À l’époque, ce fichier fut soigneusement dissimulé à ceux qui enquêtèrent sur cette répression aveugle, tel l’avocat Maurice Garçon, qui en avait appris l’existence. Mais, conservé aux Archives nationales d’outre-mer depuis la fin de la guerre, il est devenu accessible en 2017, permettant le travail de Fabrice Riceputi : « Dans les livres d’histoire, ils sont donc ces anonymes “3 024 disparus de la bataille d’Alger” […], des disparus sans identité particulière, doublement disparus, physiquement et symboliquement, du fait de leur statut de colonisés et du peu d’intérêt que leur cas a suscité en dehors de personnalités comme Pierre Vidal-Naquet et les membres du Comité Maurice Audin. »

Séquestrations arbitraires, tortures, assassinats furent le lot de ces « suspects », arrêtés sur des indices aussi minces que « arrogant » ou « n’a pas de fiche de paie ». Pour les familles, le plus dur fut souvent de n’en avoir rien su. Extrait : « La veuve de Mohamed Djebbar, imam de Castiglione arrêté en mars 1957 pour collecte de fonds, crut par exemple bien au-delà de l’année 1962 à la possibilité de la réapparition de son mari. Elle a d’abord interrogé la préfecture, visité tous les lieux de détention connus de la région d’Alger, toujours en vain. Puis, à l’indépendance, elle a encore espéré qu’il serait parmi les milliers d’internés progressivement libérés des camps. »

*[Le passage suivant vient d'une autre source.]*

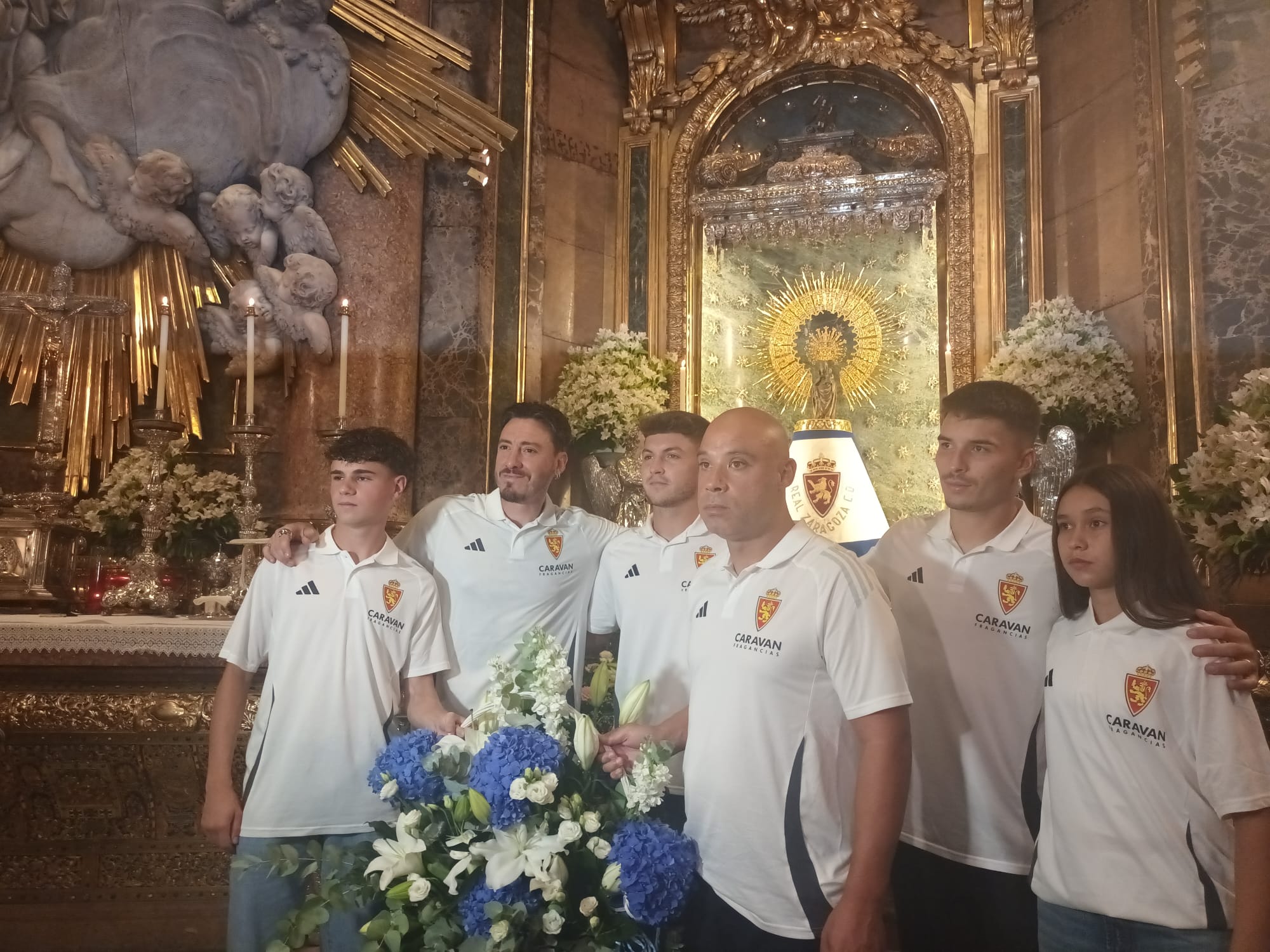 Cristian Álvarez, uno de los capitanes del primer equipo del Real Zaragoza junto a Guillermo Acín, del Deportivo Aragón; Hugo Pinilla, Juvenil A; Ana Forcén, Zaragoza Femenino; y José Luis Mansilla, Zaragoza Genuine, junto a las flores que ofrecen a la Virgen del Pilar en la ofrende tradicional de inicio de temporada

« Elle pensa ensuite qu’il avait peut-être, comme d’autres, perdu la mémoire du fait des tortures et qu’on le retrouverait peut-être. “Et puis un jour, nous dit son fils, elle ne posa plus de questions”, ne regrettant plus que de ne pas pouvoir “lui parler” sur sa tombe, cette dernière n’existant pas. Ses enfants ne purent jamais lui avouer que leur oncle, détenu avec lui dans une caserne à Koléa, avait été témoin de son décès probable sous la torture : “Quand ses hurlements s’arrêtèrent, on sut que c’était fini”, leur avait-il dit longtemps après sa propre libération. La douleur causée par l’absence de vérité et de justice est sans fin. »

Politis soutient le projet 1000autres.org, dont la liste est vouée à s’allonger lorsque d’autres cas pourront être documentés.